Print all the data below exactly, without images.
Material supplied section start
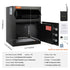 1.7 Cub Depository Safe, Deposit Safe with Drop Slot, Electronic Code Lock and 2 Emergency Keys, 17.71'' x 13.77'' x 13.77'' Business Drop Slot Safe for Cash, Mail in Home, Hotel, Office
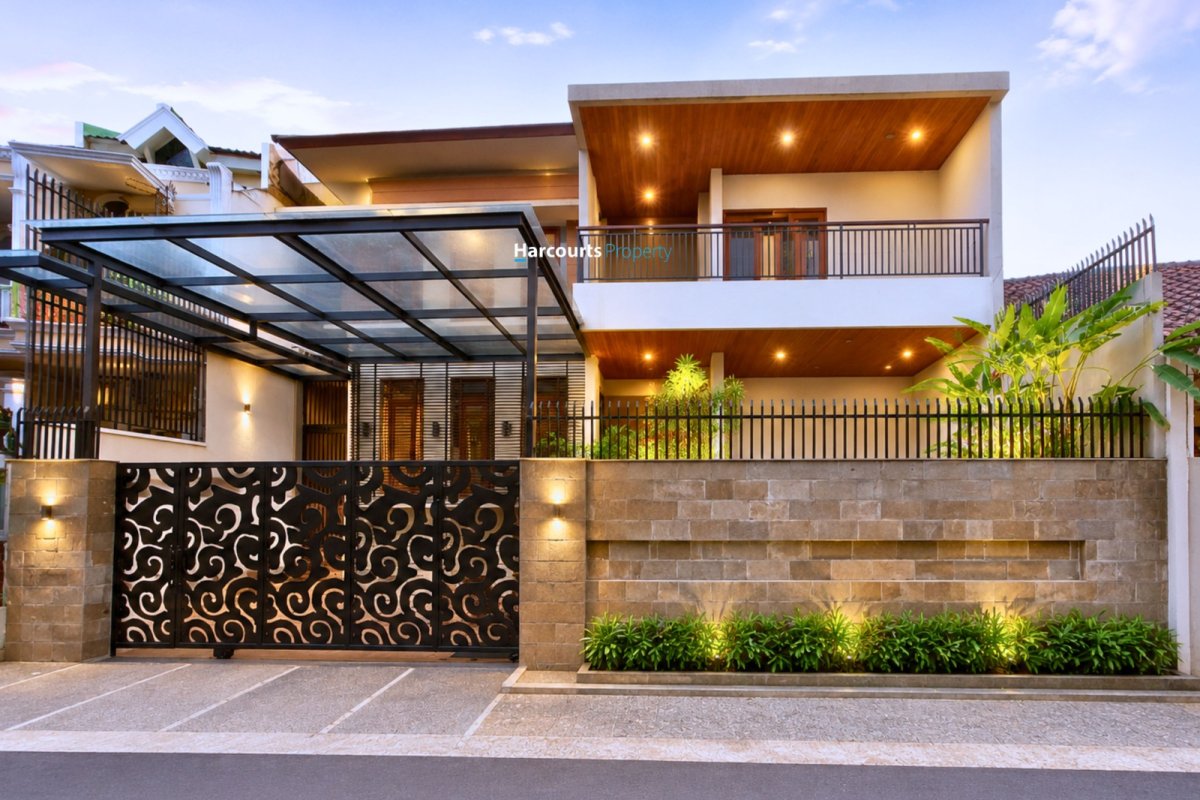Disewakan Rumah Modern Area Jl. Mendawai Kebayoran Baru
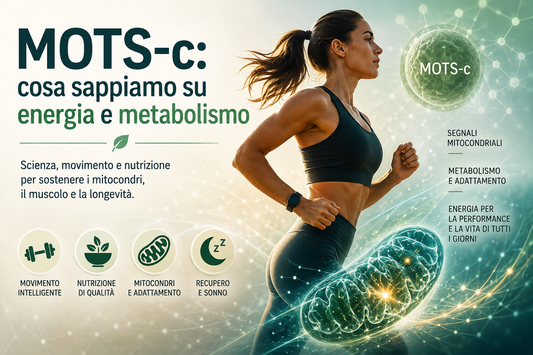 MOTS-c: cosa sappiamo su energia e metabolismo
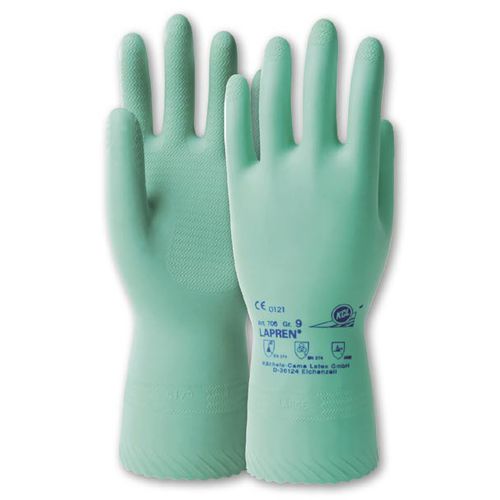 Guanti da laboratorio - Lapren® 706 - Kächele Cama Latex - per l'industria chimica / di protezione chimica / in lattice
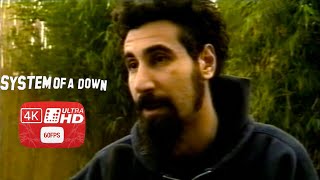 System Of A Down - RARE Interview PROSHOT Germany, Rock am Ring 2002 (4K Ultra HD Video | 60 FPS)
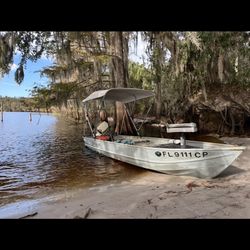 14ft aluminum john boat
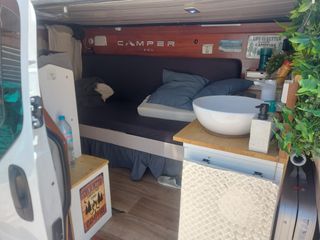 Opel Vivaro Camper 2008 | Homologada, ITV en regla
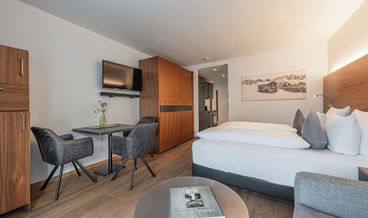 Bild von Comfort-Studio, Balkon, Bergblick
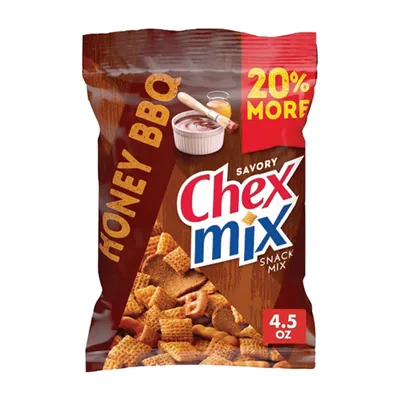 Chex Mix Honey BBQ Snack Mix 4.5 oz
Material supplied section end
■ Solution for this task:
 1.7 Cub Depository Safe, Deposit Safe with Drop Slot, Electronic Code Lock and 2 Emergency Keys, 17.71'' x 13.77'' x 13.77'' Business Drop Slot Safe for Cash, Mail in Home, Hotel, Office
Disewakan Rumah Modern Area Jl. Mendawai Kebayoran Baru
 MOTS-c: cosa sappiamo su energia e metabolismo
 Guanti da laboratorio - Lapren® 706 - Kächele Cama Latex - per l'industria chimica / di protezione chimica / in lattice
 System Of A Down - RARE Interview PROSHOT Germany, Rock am Ring 2002 (4K Ultra HD Video | 60 FPS)
 14ft aluminum john boat
 Opel Vivaro Camper 2008 | Homologada, ITV en regla
 Bild von Comfort-Studio, Balkon, Bergblick
 Chex Mix Honey BBQ Snack Mix 4.5 oz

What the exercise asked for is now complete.